The $1M Agent: Three Lessons From Building Linter Agent
May 2026
Linter Agent optimises data pipelines, and has so far transformed 100+ slow, expensive pipelines into faster, cheaper ones across 5+ enterprises. Saving over $1m in under 6 months. Whilst building this agent, 3 key areas have stood out:
- What should the agent do?
- How to build trust in our agents?
- How do agents compound and self-improve over time?
Let's break these down:
What should the agent do?
Building agents has become much easier.
I can now prompt Claude Code to build a custom agent using an agent SDK, describe its responsibility, tools and data access in natural language, then give it examples and tests so it can run, fail and improve.
The bottleneck has become purpose — where can an agent fit into my company and what should it do?
Here are some perspectives:
-
Backlogged skilled work
- Linter Agent went after code optimisations — this is an abundant space where years (/decades for pre-cloud stacks) of legacy code has accumulated and the bottleneck is squarely on skilled human labour.
- Where are you accepting delays, bringing in consultants or paying overtime to remote workers?
-
Increase the search space — work where humans currently sample, audit, or ignore low-value cases because full review is too expensive
- In large enterprises there are certain dollar values under which most approvals are automated because the cost of human verification is too high relative to the volume; this changes when you have a set of AI eyes!
- For example, in procurement, collections, support, etc.
- Alternately, think of internal teams that rotate around to do audits (e.g. cyber security swat teams).
- In large enterprises there are certain dollar values under which most approvals are automated because the cost of human verification is too high relative to the volume; this changes when you have a set of AI eyes!
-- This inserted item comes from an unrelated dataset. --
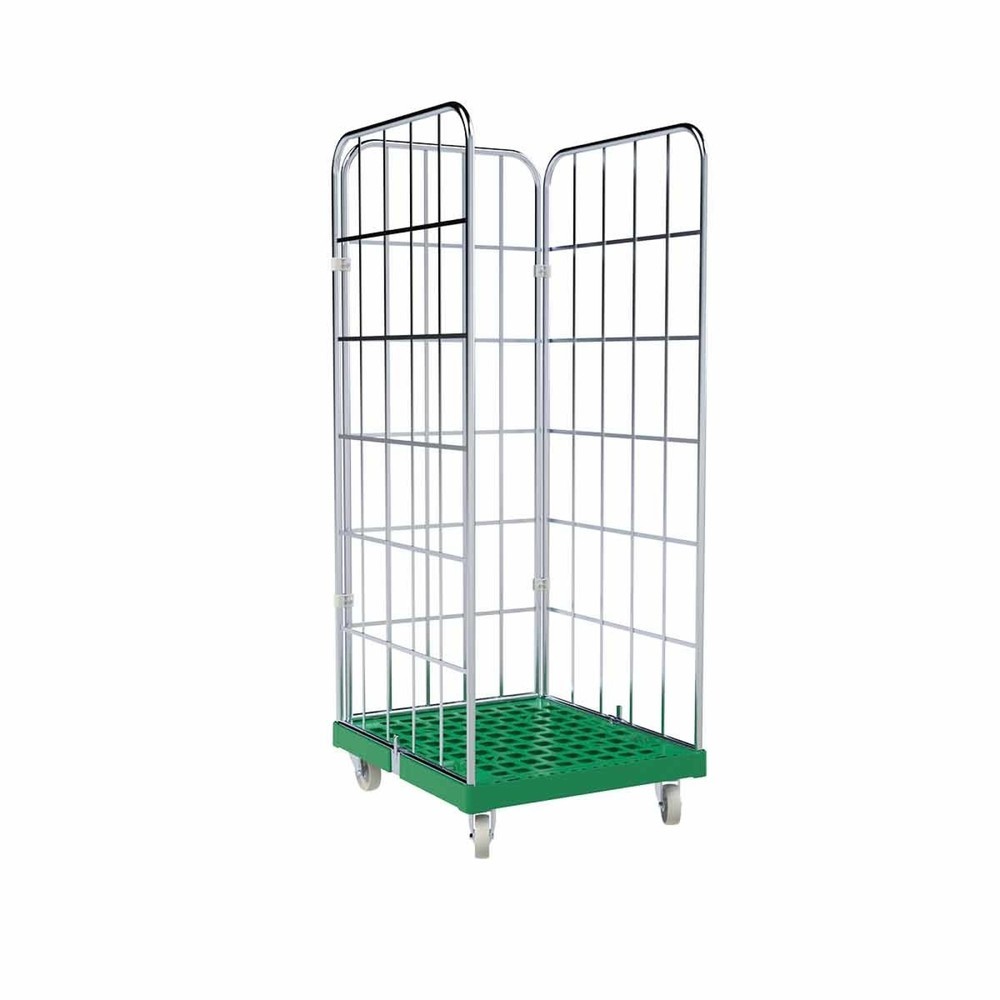 Produktabbildung Nr. 1: Rollbehälter Classic, 3-seitig, galvanisch verzinkt, Kunststoff-Rollplatte, HxBxT 1.850 x 724 x 815 mm, verkehrsgrün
How to build trust in our agents?
Linter Agent has generated over 50 PRs; what matters is getting these merged — this can be the tough part, from chasing SMEs down to iterating on tacit knowledge.
Here are some questions we should answer early on:
- Who signs off your work? Who are the "Oracles" or SMEs you turn to when unsure?
- What do they need to see to be able to quickly come to a conclusion on your agent's outcome? How can you make it easier/faster for the approver to get to a yes?
I've learnt that if reviewers need extra data to approve/reject, then that data is valuable missing context for your agent.
Do not only optimise the agent's output. Optimise the review path.
For Linter Agent's approvers, coding/data outputs are easier to verify, using compilation checks, tracking non-functional attributes (latencies) and SQL analysis over the final datasets (branch level data comparison to user defined precision).
A note on change management: Linter Agent mostly runs in the background. Some agents are more front-and-centre and change how people work day to day. In those cases, adoption has required a more personal human touch: helping teams understand what the agent is doing, where it fits, and how their role changes around it.
I am particularly interested in how others are building adoption in organisations with widespread legacy software. How are you using AI to productise what was previously a services-heavy change management motion?
How do agents compound and self-improve over time?
At work, we often value experience, as we've seen people get better at their responsibilities over time.
They learn the edge cases, the shortcuts, the exceptions, the preferences of reviewers, and the hidden constraints that never quite make it into documentation.
For agents to compound the same way, they have to absorb tacit knowledge from the SMEs around them. That sounds straightforward and isn't, for two reasons.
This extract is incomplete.